The Dow was off 998 points at its worst level yesterday, but that was not valid. The 30 Dow stocks did not fall anywhere near that much on the NYSE. For example, Procter and Gamble was 61 on the NYSE when the exchange slowed trading for 90 seconds to keep an orderly market. Electronic exchanges continued trading, but since there are few bids under current prices in those markets automated selling programs kept hitting the bids again and again. In the case of PG, in 90 seconds it fell to 39. When trading re-opened on the NYSE 90 seconds later, PG was 60 or so. That 21-point slide to 39 in one stock took between 160 and 200 points off the Dow. The same happened to MMM, another Dow stock. Many of those trades will be broken. During those few minutes there were eight stocks that traded down to one penny. Accenture fell from 41 to zero. So did Centerpoint Energy and Excelon. The SEC will look into this.
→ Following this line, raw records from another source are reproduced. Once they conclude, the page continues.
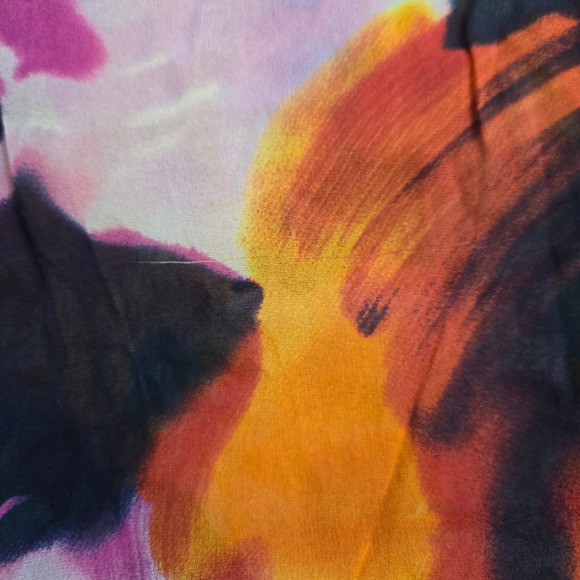 St John Floral Sheer Silk Blend Swim Suit Cover Up Bathing Suit Cover Size Small - Picture 7 of 9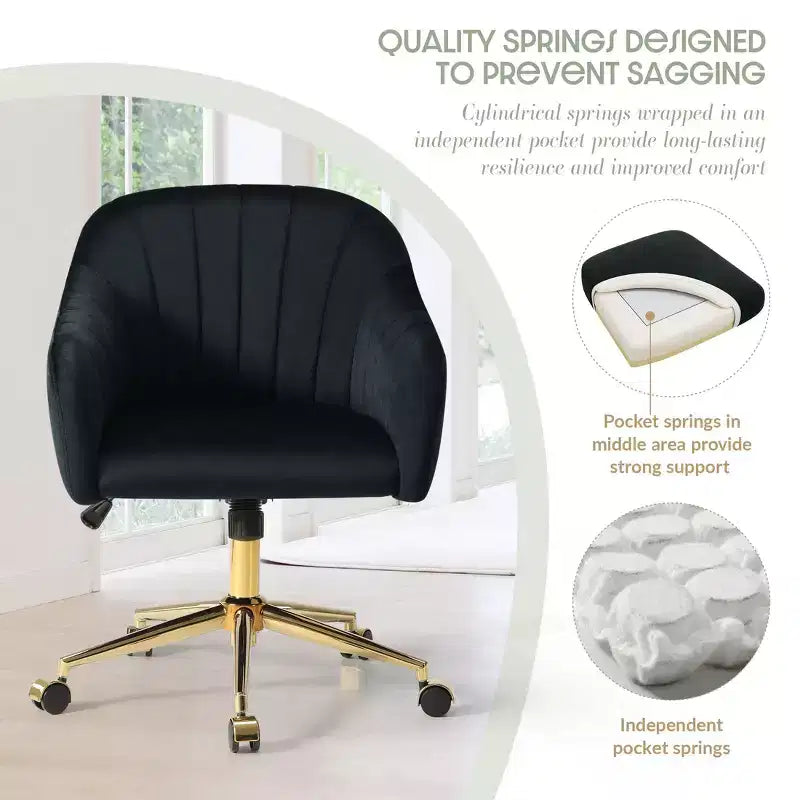 WestinTrends Phoebe Upholstered Velvet Swivel Vanity Office Chair With Wheels, Black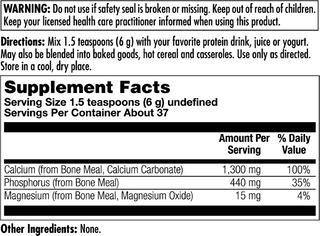 Bone Meal Powder 16oz by KAL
The NYSE performed well; the electronic markets did not. Rules don’t apply to them. That has to change.
The Dow’s closing level (off 347) was legitimate and reflects to some degree a concern for foreign debt and where we’re headed, but that is a convenient excuse. It was mostly profit-taking. The panic — to the extent that is the right word — was in the bond market. I saw it begin the day before. Most bank trust preferreds trade lightly, so a little selling with market orders can knock prices for a loop. For example, the JPMorgan issue (J) fell from 25.15 to 19.28 before rebounding to 23.50. Most fell 10-15 percent at their worst. All then rallied, some even closing higher for the day. TEI, the Templeton Emerging Market Income fund, fell a point from 14, but in electronic markets the low was 6. The NYSE low was 11. Again, the electronic markets with little liquidity did not perform well. Many of those trades should be broken.
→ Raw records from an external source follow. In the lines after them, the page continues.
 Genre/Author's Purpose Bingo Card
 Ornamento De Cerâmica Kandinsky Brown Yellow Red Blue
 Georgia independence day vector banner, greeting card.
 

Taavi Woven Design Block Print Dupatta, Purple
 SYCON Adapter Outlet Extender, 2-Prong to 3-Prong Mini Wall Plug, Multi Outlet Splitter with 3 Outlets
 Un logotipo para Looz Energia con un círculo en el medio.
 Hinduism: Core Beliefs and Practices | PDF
We have not heard the end of this. Late yesterday there was a report that a trading firm sold 16 billion index futures contracts instead of the intended 16 million. That caused the 15-minute slide of 700 points, mostly away from the NYSE where markets were orderly. Something has to be done to put people back in charge, not computers. Firms that do high-frequency trading can enter between 10,000 and 20,000 orders in the time it is taking me to type one character on this e-mail. Chaos ensued yesterday. We’ll see it again. It was a similar story in 1987 on what was the best buying opportunity of our lifetimes, one created by program selling.
Yesterday’s lows, to the extent that they are trades that hold up (many won’t), will be at prices not likely to be seen again. That is surely the case for P&G, Accenture, Centerpoint and others. Also true for income vehicles.
The long-lasting impact of what happened yesterday is to further turn off ordinary investors, many of whom believe the deck is stacked against them in an insider’s game. Just what they’ll invest in remains to be seen. For now many are buying bond funds. Not a good idea. Others are buying Treasurys and selling the euro and pound. Treasurys are not a good bet at all. They are rallying as a safe haven, that’s all.